"

10. NORMALIZATION

10.3: Summary

We have discussed functional dependencies, candidate keys, 1NF and BCNF. BCNF is the usual objective of the database designer.

When a relation is not BCNF then one or more of the following will be the source of redundancy in a relation:

      • partial dependencies
      • transitive dependencies
      • functional dependencies amongst key attributes.

2NF involves the concepts of candidate key and non-key attributes. A relation is considered to be in 2NF if it is in 1NF, and every non-key attribute is fully dependent on each candidate key. In Example 2 we mentioned that stuNum –> birthdate was considered a partial functional dependency as stuNum is a subset of a candidate key. A 2NF relation does not contain partial dependencies.

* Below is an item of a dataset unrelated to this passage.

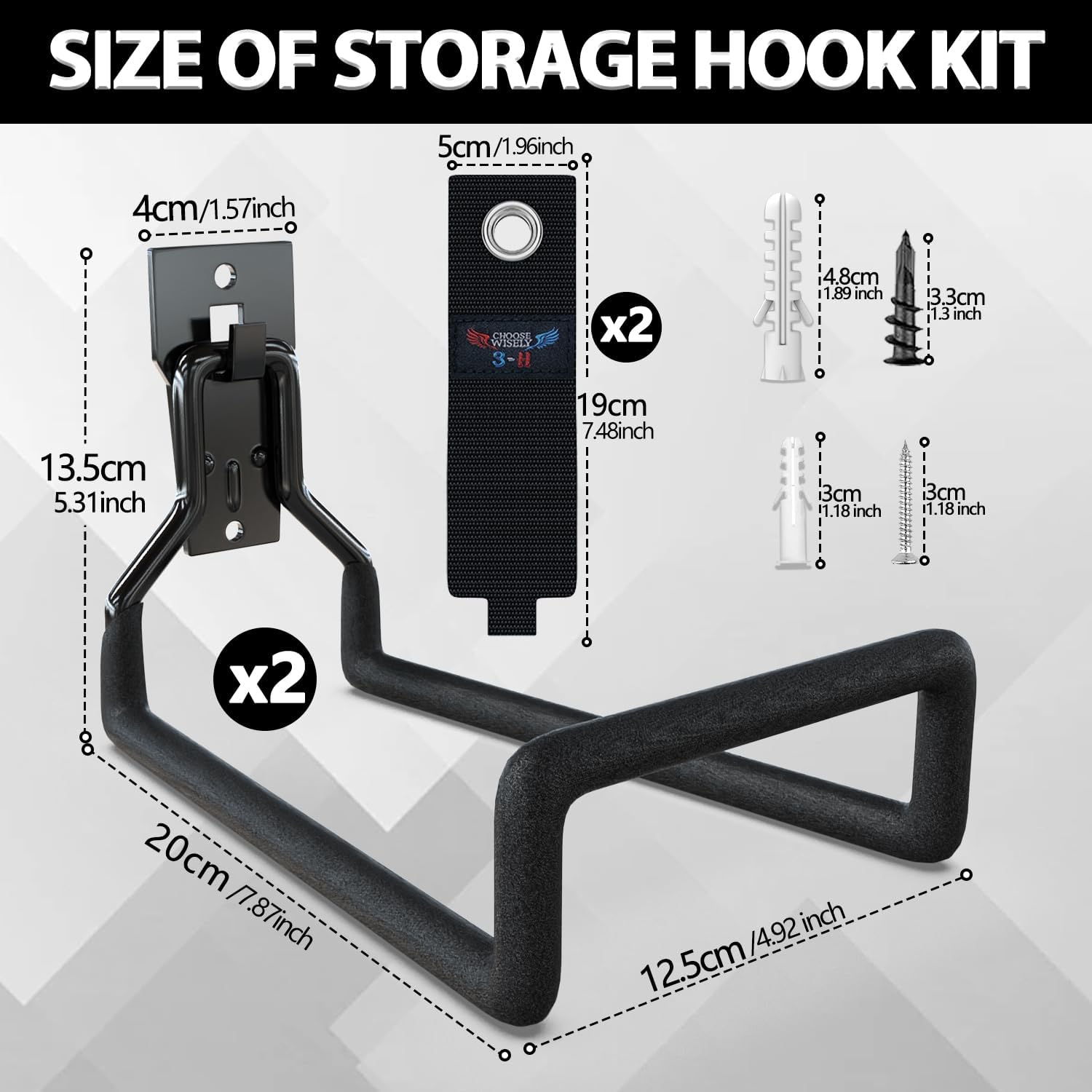 3-H Garden Hose Holder Wall Mount 2 Pack,Solid Steel Hose Hanger wih Extension Strap,Water Hose Holders for Outside to Hang Outdoor Air Hose,Ropes,Pipes,Power Tools,Ladders,Bikes,Bulk Items-VerdiqueGarden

3NF involves the concepts of candidate key and non-key attributes. We say a relation is in 3NF if the relation is in 1NF and all determinants of non-key attributes are candidate keys. In Example 3 we mentioned that courseId –> lastName was considered a transitive dependency; lastName is dependent on teacherId which is not a candidate key. A 3NF relation does not have partial dependencies nor transitive dependencies.

The definition of BCNF concerns FDs and CKs – there is no mention of non-key attributes. Hence, BCNF is a stronger form than 2NF or 3NF (a BCNF relation will be in 2NF and 3NF).

A database designer may decide to not normalize completely to BCNF. This is sometimes done to ensure that certain data can be retrieved without having to join relations in a query – when a join is avoided the data is typically retrieved more quickly from the database. This is often done in a data warehouse environment (outside the scope of these notes).

Exercises

In each of these exercises, consider the relation, CKs, and FDs. Determine if the relation is in BCNF, and if not in BCNF give a non-loss decomposition into BCNF relations. The last 5 questions are abstract and give no context for the relation nor attributes.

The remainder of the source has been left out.